MySQL 5.5.23, InnoDB, file per table.
When creating a prepared or callable statement via JDBC, what is the default resultset concurrency? See
http://docs.oracle.com/javase/6/docs/api/java/sql/Connection.html#prepareStatement(java.lang.String, int, int)
Is it ResultSet.CONCUR_READ_ONLY or ResultSet.CONCUR_UPDATABLE ?
I am getting the "Lock wait timeout exceeded; try restarting transaction" exception being thrown in one app that is trying to update a record in a table at the same time another app (separate connection) is running a long running query on that table (purely select with some custom function calls in it, not a select for update).
From
http://dev.mysql.com/doc/refman/5.5/en/innodb-transaction-model.html
Quote
In the InnoDB transaction model, the goal is to combine the best properties of a multi-versioning database with traditional two-phase locking.
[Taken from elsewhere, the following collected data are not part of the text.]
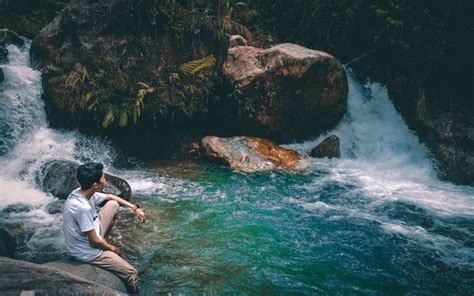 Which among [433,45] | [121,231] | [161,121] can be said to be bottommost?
[121,231]

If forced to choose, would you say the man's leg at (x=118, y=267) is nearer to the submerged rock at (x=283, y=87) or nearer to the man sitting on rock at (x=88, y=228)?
the man sitting on rock at (x=88, y=228)

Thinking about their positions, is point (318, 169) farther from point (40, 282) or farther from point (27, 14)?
point (27, 14)

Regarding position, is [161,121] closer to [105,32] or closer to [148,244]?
[105,32]

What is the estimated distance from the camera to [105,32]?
11586 millimetres

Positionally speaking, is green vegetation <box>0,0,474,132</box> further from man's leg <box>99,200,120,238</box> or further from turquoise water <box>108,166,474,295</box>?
man's leg <box>99,200,120,238</box>

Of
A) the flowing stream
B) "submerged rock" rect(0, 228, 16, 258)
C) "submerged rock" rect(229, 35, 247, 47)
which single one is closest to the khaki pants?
the flowing stream

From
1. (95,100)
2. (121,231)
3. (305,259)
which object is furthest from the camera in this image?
(95,100)

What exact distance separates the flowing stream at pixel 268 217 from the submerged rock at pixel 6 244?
285mm

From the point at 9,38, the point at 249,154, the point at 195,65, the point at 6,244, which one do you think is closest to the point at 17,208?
the point at 6,244

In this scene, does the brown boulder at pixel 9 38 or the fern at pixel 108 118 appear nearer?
the fern at pixel 108 118

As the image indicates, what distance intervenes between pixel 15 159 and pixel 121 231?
15.5 feet

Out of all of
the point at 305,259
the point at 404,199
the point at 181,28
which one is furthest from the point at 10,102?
the point at 404,199

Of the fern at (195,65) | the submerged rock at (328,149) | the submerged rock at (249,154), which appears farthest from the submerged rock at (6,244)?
the submerged rock at (328,149)

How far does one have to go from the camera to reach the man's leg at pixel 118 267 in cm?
461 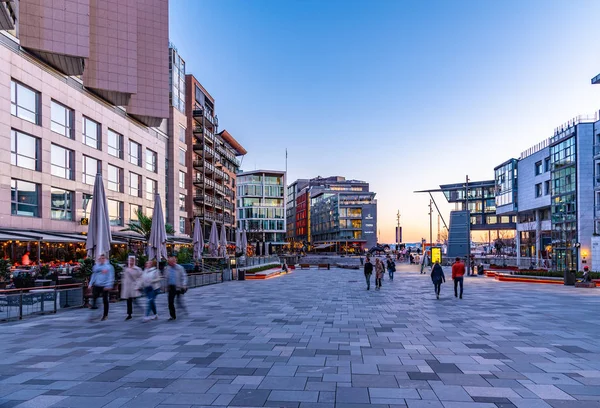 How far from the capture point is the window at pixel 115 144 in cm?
3728

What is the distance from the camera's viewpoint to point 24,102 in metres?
27.0

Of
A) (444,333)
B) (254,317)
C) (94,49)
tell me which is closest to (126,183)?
(94,49)

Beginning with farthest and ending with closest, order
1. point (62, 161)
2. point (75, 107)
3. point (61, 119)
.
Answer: point (75, 107) < point (61, 119) < point (62, 161)

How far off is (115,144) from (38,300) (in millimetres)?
27079

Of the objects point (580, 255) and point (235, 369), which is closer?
point (235, 369)

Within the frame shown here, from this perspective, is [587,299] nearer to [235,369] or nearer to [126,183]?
[235,369]

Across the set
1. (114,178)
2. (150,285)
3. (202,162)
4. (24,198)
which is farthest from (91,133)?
(202,162)

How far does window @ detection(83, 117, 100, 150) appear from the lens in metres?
33.6

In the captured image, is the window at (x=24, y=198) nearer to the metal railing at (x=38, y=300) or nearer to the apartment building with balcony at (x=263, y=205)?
the metal railing at (x=38, y=300)

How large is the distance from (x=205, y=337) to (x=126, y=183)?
1276 inches

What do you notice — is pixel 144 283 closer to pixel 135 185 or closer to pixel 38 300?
pixel 38 300

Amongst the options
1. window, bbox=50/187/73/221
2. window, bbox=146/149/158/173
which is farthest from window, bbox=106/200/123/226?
window, bbox=146/149/158/173

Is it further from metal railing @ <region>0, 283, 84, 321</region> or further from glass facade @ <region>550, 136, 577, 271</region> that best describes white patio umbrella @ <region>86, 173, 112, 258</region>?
glass facade @ <region>550, 136, 577, 271</region>

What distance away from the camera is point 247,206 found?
117 metres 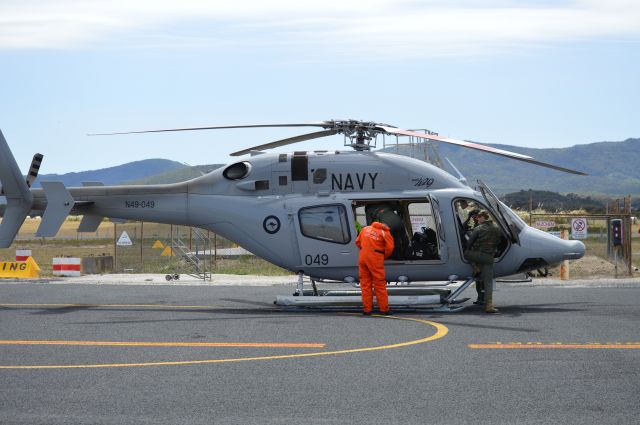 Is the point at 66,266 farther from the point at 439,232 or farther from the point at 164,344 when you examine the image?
the point at 164,344

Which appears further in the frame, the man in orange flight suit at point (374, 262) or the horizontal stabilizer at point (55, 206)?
the horizontal stabilizer at point (55, 206)

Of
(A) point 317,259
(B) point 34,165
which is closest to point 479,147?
(A) point 317,259

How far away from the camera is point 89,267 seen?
3450 cm

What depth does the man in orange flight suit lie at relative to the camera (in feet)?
57.8

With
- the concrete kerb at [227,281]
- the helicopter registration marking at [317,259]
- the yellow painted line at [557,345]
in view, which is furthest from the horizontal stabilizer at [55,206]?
the yellow painted line at [557,345]

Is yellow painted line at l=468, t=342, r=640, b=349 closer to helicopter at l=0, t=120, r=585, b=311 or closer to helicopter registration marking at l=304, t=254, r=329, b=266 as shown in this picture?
helicopter at l=0, t=120, r=585, b=311

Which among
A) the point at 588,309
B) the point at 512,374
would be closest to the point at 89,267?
the point at 588,309

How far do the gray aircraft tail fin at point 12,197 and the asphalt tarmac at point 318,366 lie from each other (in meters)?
2.16

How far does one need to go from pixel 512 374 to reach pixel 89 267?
2618 cm

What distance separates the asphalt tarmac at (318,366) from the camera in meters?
Result: 8.98

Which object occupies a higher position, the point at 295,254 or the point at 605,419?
the point at 295,254

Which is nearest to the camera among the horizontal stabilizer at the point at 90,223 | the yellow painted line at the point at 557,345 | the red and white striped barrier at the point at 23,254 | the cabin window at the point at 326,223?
the yellow painted line at the point at 557,345

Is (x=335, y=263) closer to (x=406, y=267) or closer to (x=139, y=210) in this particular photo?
(x=406, y=267)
InnoDB does locking on the row level and runs queries as nonlocking consistent reads by default, in the style of Oracle.
This was recently migrated from Oracle where this problem never occurred. None of the prepared statements were ever created with the resultset concurrency parameter set.
I have since updated the innodb_lock_wait_timeout parameter from its default of 50 to 600, but that is still a bandaid fix. If I have to run a query that takes longer than that it'll happen again. Do I need to go back through all my code and add the ResultSet concurrency parameters in?